Aujourd'hui les moteurs ne sont plus de "simples" indexeurs mais également des scripteurs capables de s'affranchir du code de l'auteur, donnant à l'expression "écriture industrielle" tout son sens.
Conclusion. (presque parfaitement semblable à celle du précédent billet) Nous arrivons aujourd'hui à un point de transition où des "agencements collectifs d'énonciation" (modèle autoritatif, transparent, émergent, bottom-up), sont en lutte avec les "agencements algorithmiques informationnels" (modèle top-down, autoritaire, discrétionnaire). Un point où, après les hommes, les savoirs, les mots-clés, c'est au tour des écritures elles-mêmes d'entrer en concurrence. Savoir ce qui l'emportera, ce qui dominera l'autre et comment, quelles collaborations sont ou non possibles et selon quelles modalités, constitue probablement l'un des enjeux majeurs de l'écologie de l'information du 21ème siècle.

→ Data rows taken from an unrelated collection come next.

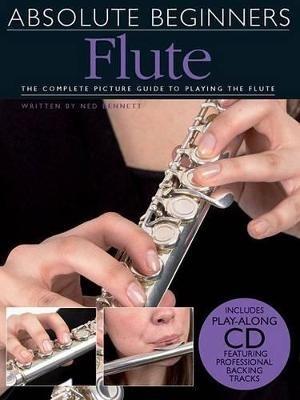 Absolute Beginners: Flute - Ned Bennett - cover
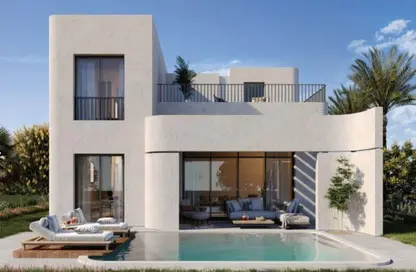 Villa - 4 Bedrooms - 5 Bathrooms for sale in Mangroovy Residence - Al Gouna - Hurghada - Red Sea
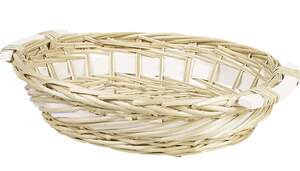 Product image Natural oval wicker basket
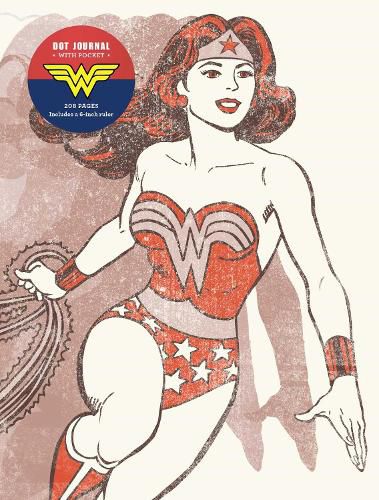 Cover image for DC Comics: Vintage Wonder Woman Dot Journal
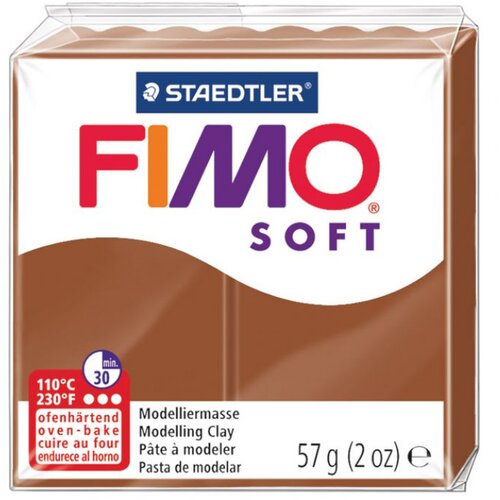  MASA ZA MODELIRANJE 57G FIMO SOFT STAEDTLER 8020-7 KARAMEL Cene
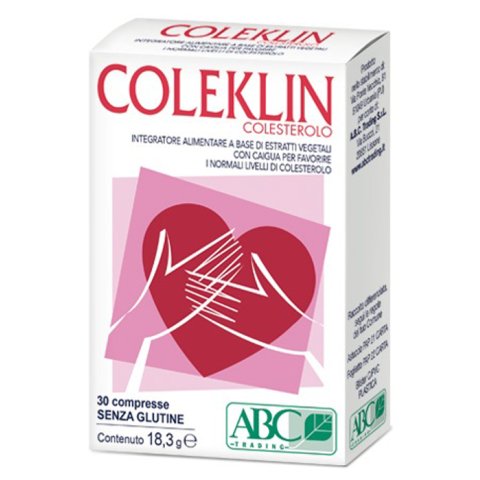 COLEKLIN Colesterolo 30 Cpr COLEKLIN Colesterolo 30 Cpr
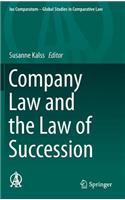 Company Law and the Law of Succession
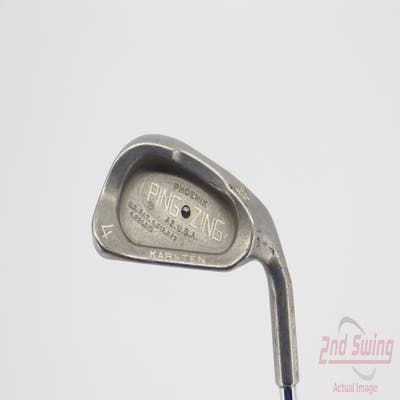 Ping Zing Single Iron 4 Iron Ping KT-M Steel Stiff Right Handed 38.0in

Post-scriptum. Aux sources de ce billet, deux rencontres :
- la lecture de cet article présentant Facebook et Twitter comme l'origine du déclin des blogs chez les jeunes,
- et une causerie matinale avec mon collègue toulousain Jean-François Signolle (enseignant en marketing), sur le diamètre du web, la disparition des claviers et l'avènement du "pousse-bouton". La dernière partie de ce billet lui doit beaucoup.